Arabanin icinde oturmus onun anlatmasini ve bir an önce evime gitmeyi istiyordum. Araba hareket etmemesine ragmen direksiyonu sıkı sıkı kavramışti.

"Artik anlaticak misin, bütün gun burda oturup seni bekleyemem." koltukta huzursuzca kipirdanip ona cevirdim basimi. Utanilacak seyi o yapmisti ben degil o yuzden yüzüne bakmak utandirmiyor sadece midemi bulandiriyordu.

"Eger," derin bir nefes cekti icine. Ceketinin ic cebinden sigara paketini cikarip bir dal tutusturdu dudaklarinin arasina. "Eger, o mektubu okusaydin su an bana nefretle degil askla bakıyor olurdun."
Hafifce guldum.

"Eger elime bir mektup tutusturup kacmayip yuzume anlatacak cesareti kendinde bulsaydin karsinda degil yaninda olurdum." dudaklarinin arasindaki sigarayi tutusturdu. Sanki alev alan sigara degilde bendim. Ama alev almama ragmen tenim usuyordu.
Gozleri mahmur bir ifadeyle bana çevrildiğinde ifadesiz gozlerle ona baktim. O ise basini yana yatirip huzunle bakti.

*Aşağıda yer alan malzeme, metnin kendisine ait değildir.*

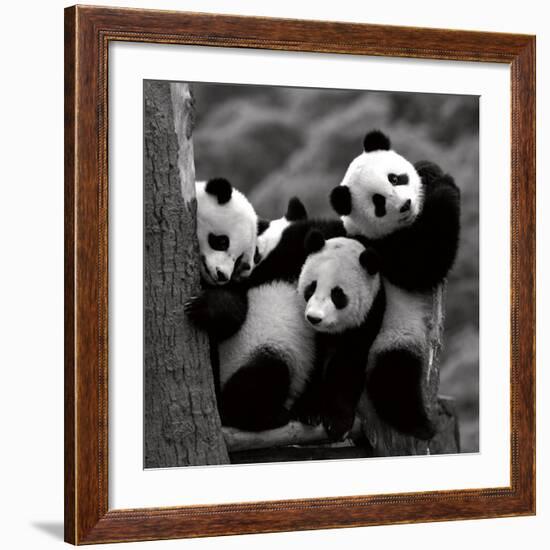 Pandas-Danita Delimont-Framed Art Print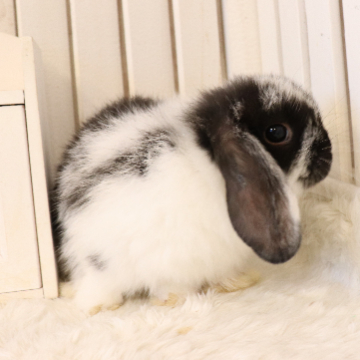 animal_image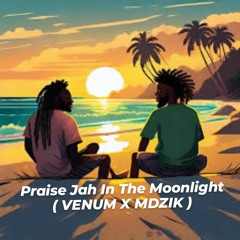 YG Marley -Praise Jah In The Moonlight ( Dj VenuM X MADZIK )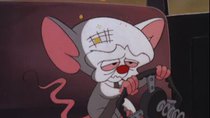 Pinky And The Brain - S2E12 E13 - Two Mice and a Baby, The Maze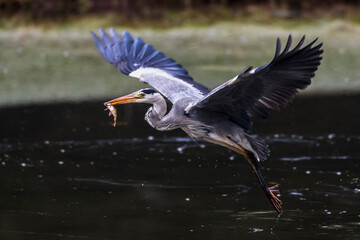 Graureiher (Ardea cinerea) mit Beute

"Ben o kadindan bosandim, sana mektubu verdigim gun dava sonuclandi. Ben o heyecanla geldim sana." sigarayi parmaklarinin arasuna alip kulunu silkeledi. "Ben o gun sana geldim Arden."

"Bu bir seyi degistirmez. Bosanmis olmaniz hala baba oldugunuz gercegini degistirmez." omuz silkip onume dondum ama hala goruyordum onu. Sigarasini tekrar dudaklarinin arasina goturup icine cekti. Dumani havaya uflerken cigerlerime cektim havayi. Sigara dumani onun agzindan cikip benim cigerlerime dolarken devam etti.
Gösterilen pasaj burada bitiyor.